*** Opening THE DATA ***
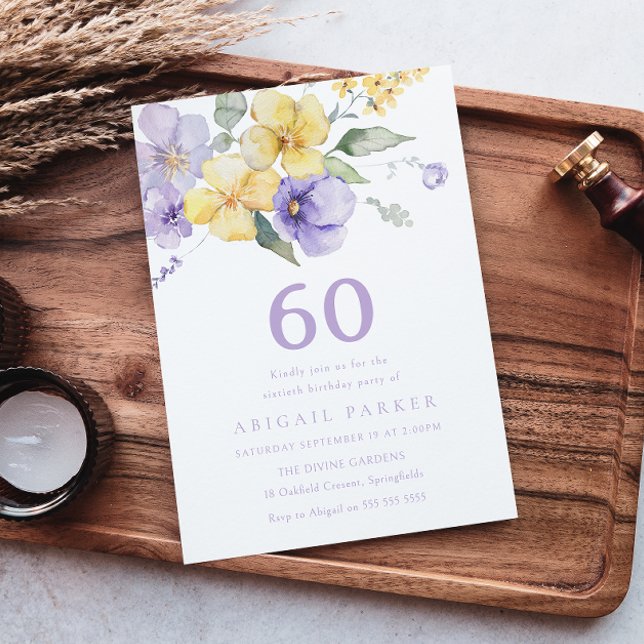 Convite Sunshine & Lavender Purple 60º Festa de Aniversári (Criador carregado)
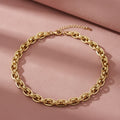 Chain Necklace 8mm 18K Gold Steel Handmade Stylish Statement Jewelry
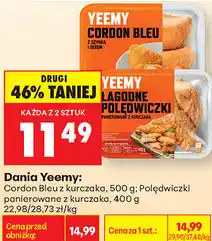 Biedronka Dania Yeemy: Cordon Bleu z kurczaka, 500 g Polędwiczki panierowane z kurczaka, 400 g oferta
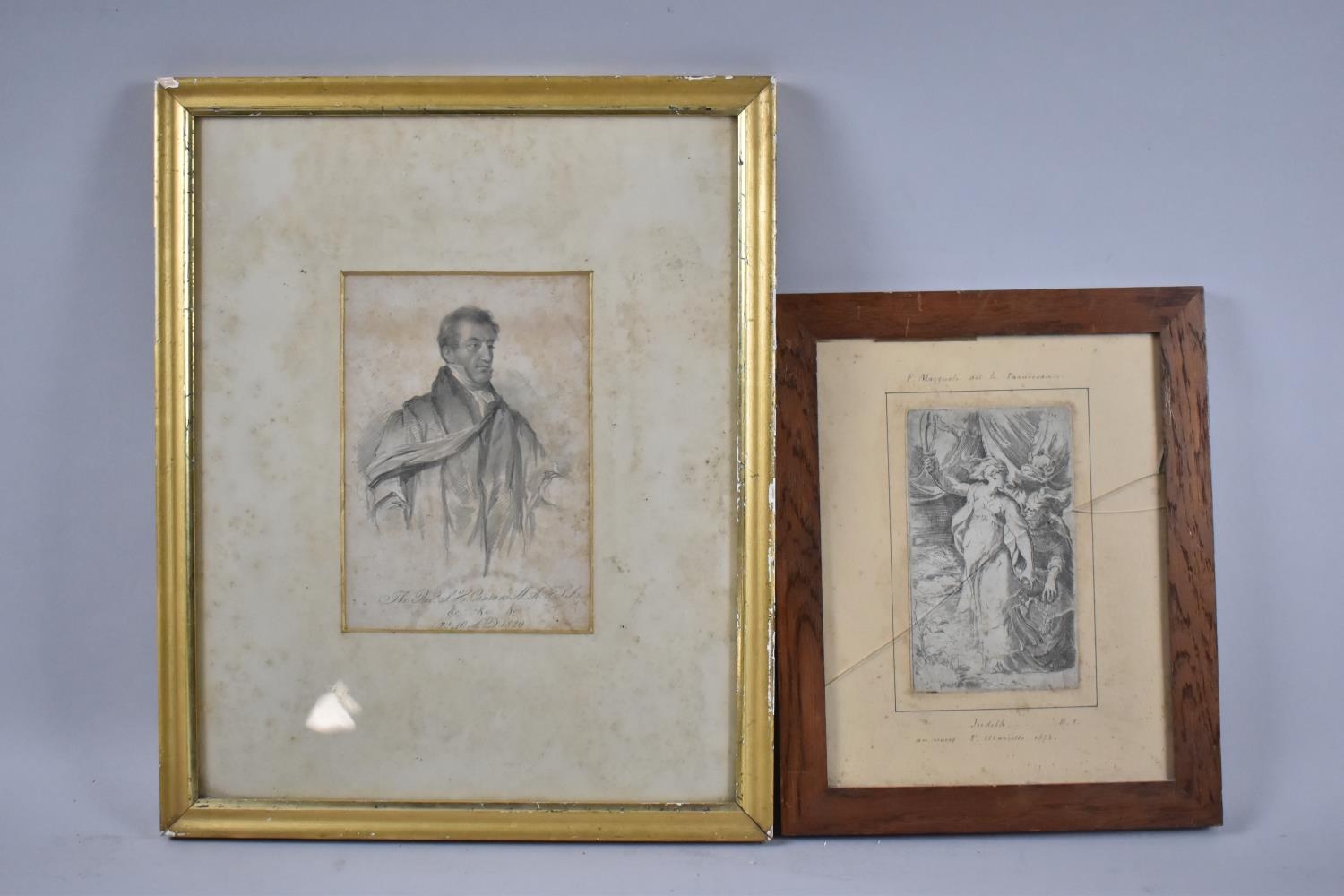 A Framed Engraving Titled in Pencil, Judith, together with a Gilt Framed Portrait of The Rev Cassan,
*** Closing THE DATA ***
EXERCISE DETAILS » Quote the data above in full, leaving out the pictures it holds.

REPLY TO THE TASK »
 Convite Sunshine & Lavender Purple 60º Festa de Aniversári (Criador carregado)
 Chain Necklace 8mm 18K Gold Steel Handmade Stylish Statement Jewelry
 Biedronka Dania Yeemy: Cordon Bleu z kurczaka, 500 g Polędwiczki panierowane z kurczaka, 400 g oferta
 A Framed Engraving Titled in Pencil, Judith, together with a Gilt Framed Portrait of The Rev Cassan,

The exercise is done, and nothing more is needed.